**Description of the task**
Pictures must not appear in the copy. Restate exactly the lines below from the one with "Used 2020 Honda Civic Touring image 9" through the one with "Berlin, Deutschland - 8.", inclusive.

**Records supplied**
□ □ □ □ □

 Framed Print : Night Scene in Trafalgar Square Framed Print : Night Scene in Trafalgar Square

□ □ □ □ □

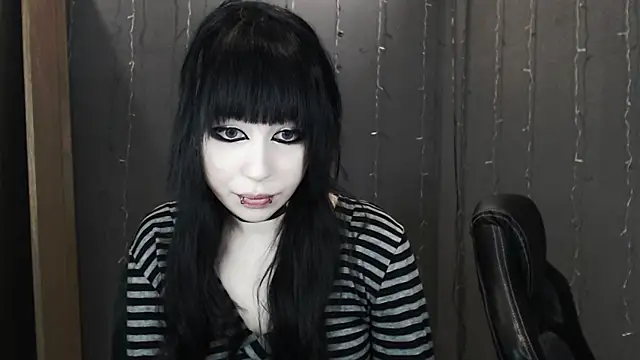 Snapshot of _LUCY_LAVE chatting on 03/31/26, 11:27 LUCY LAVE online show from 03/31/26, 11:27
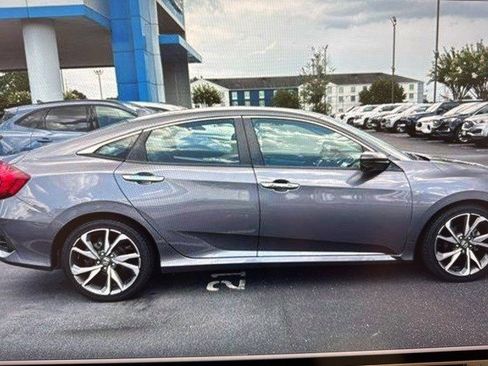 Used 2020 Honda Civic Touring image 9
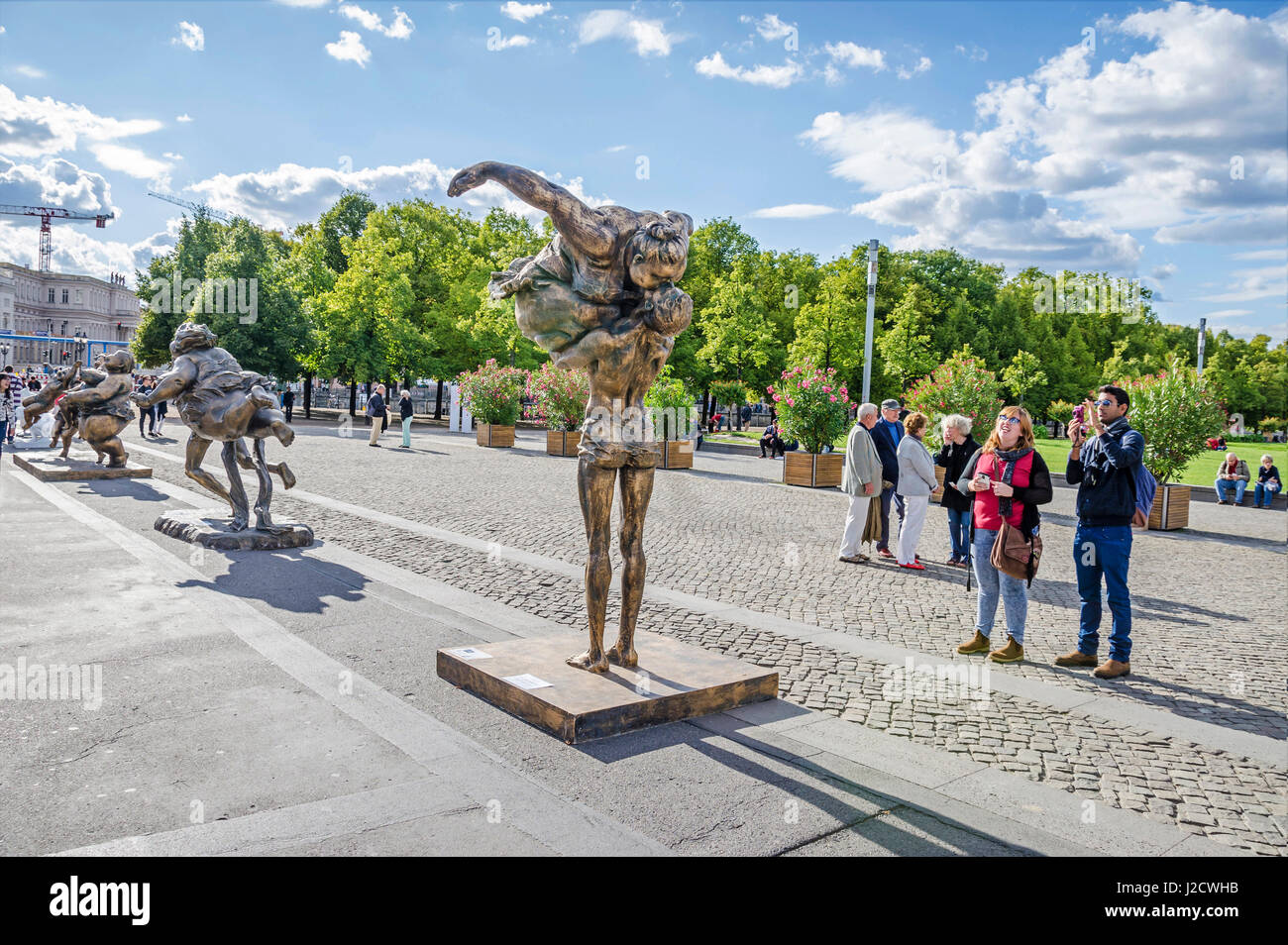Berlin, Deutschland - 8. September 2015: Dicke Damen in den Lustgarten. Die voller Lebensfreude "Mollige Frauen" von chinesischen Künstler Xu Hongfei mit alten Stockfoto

□ □ □ □ □

**Answer to this exercise**
 Used 2020 Honda Civic Touring image 9
Berlin, Deutschland - 8. September 2015: Dicke Damen in den Lustgarten. Die voller Lebensfreude "Mollige Frauen" von chinesischen Künstler Xu Hongfei mit alten Stockfoto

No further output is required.